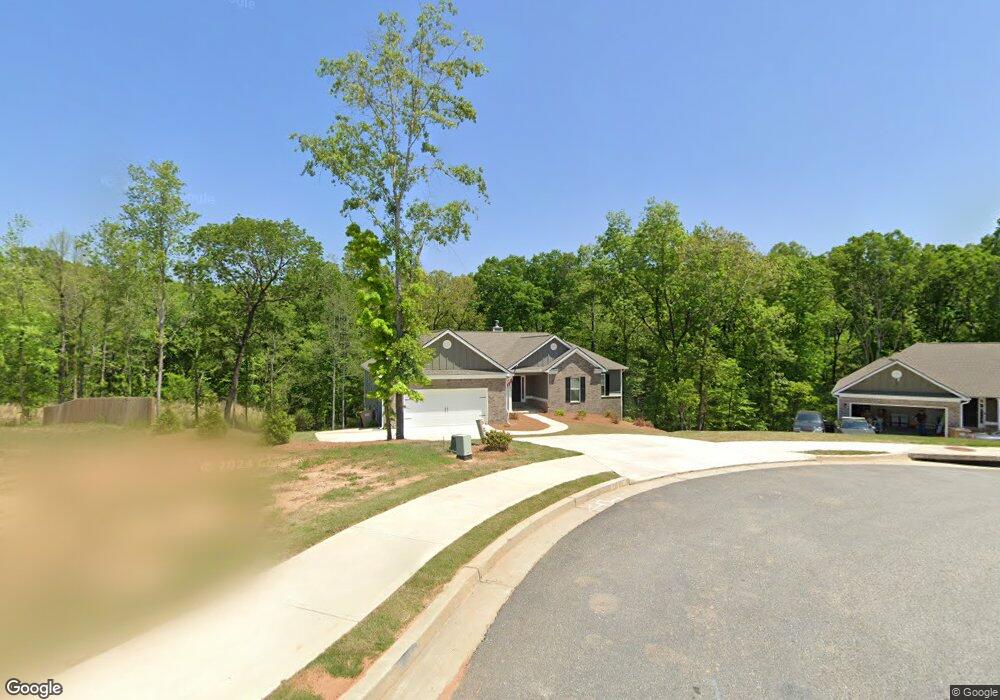 320 Mcmillian Ct, Winder, GA 30680 - photo 1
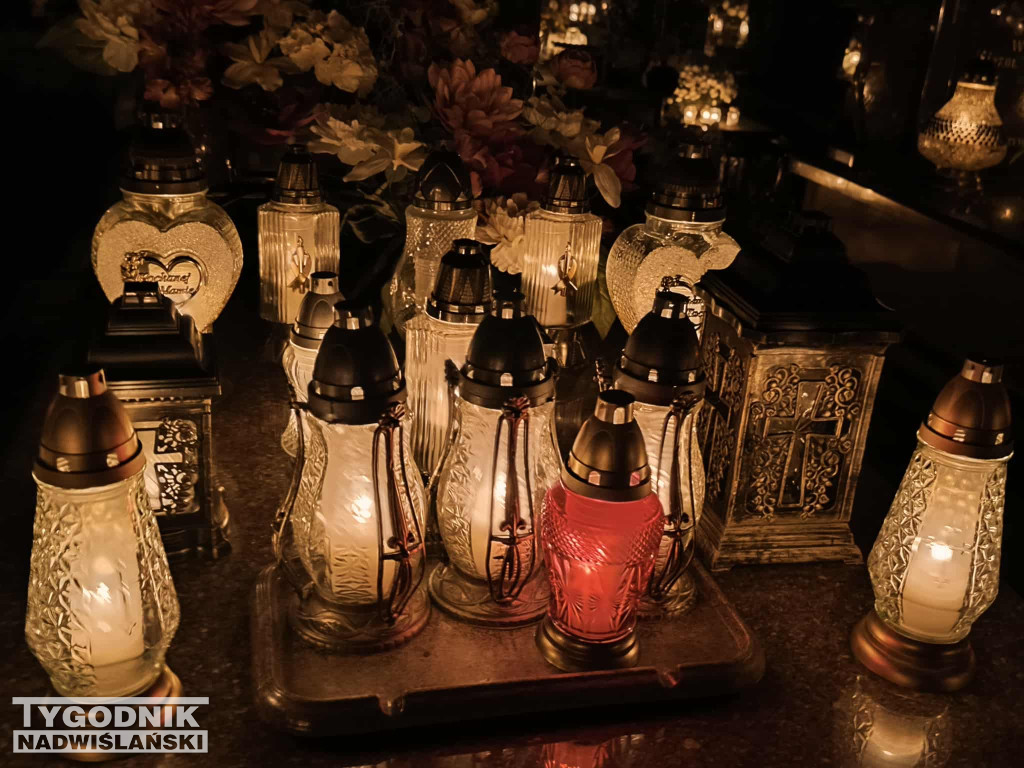 Tarnobrzeskie cmentarze parafialne nocą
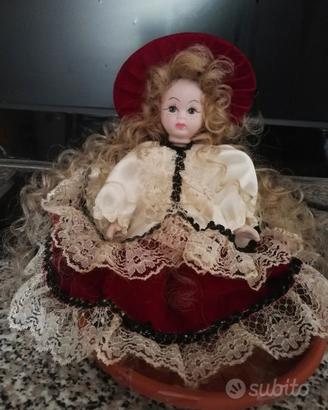 Bambola di porcellana 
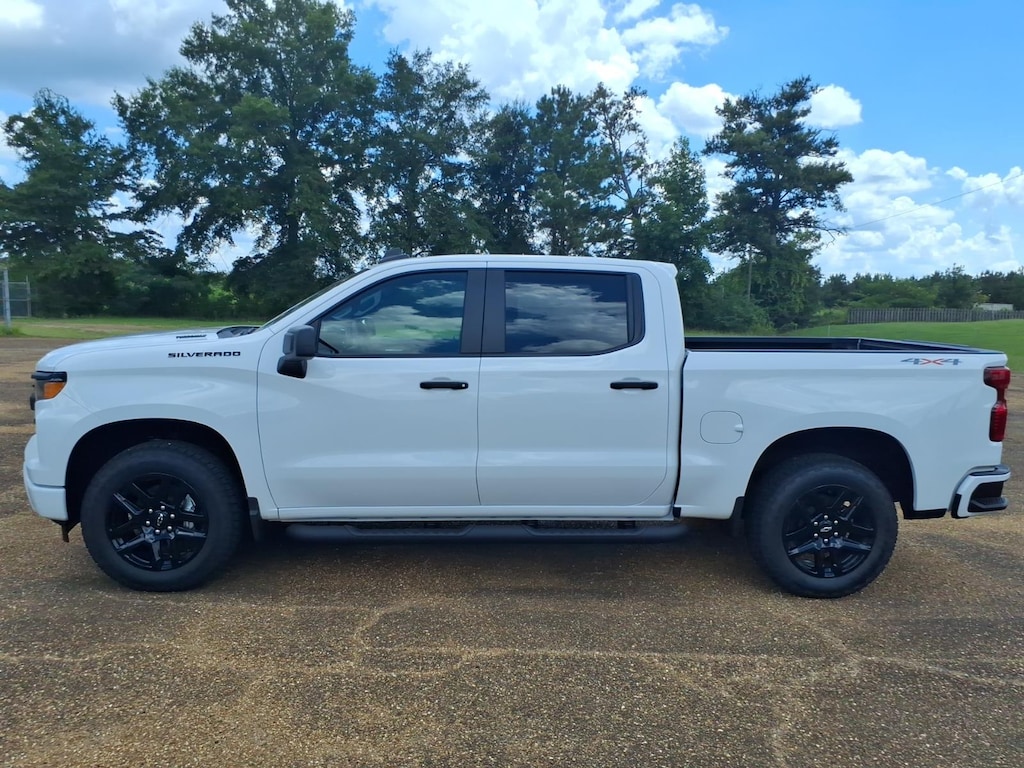 New 2026 Chevrolet Silverado 1500 Custom Truck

★ ★ ★ ★ ★

### TASK ITEM
Write out the data above exactly, minus any images.

### REPLY TO THE EXERCISE
 320 Mcmillian Ct, Winder, GA 30680 - photo 1
 Tarnobrzeskie cmentarze parafialne nocą
 Bambola di porcellana 
 New 2026 Chevrolet Silverado 1500 Custom Truck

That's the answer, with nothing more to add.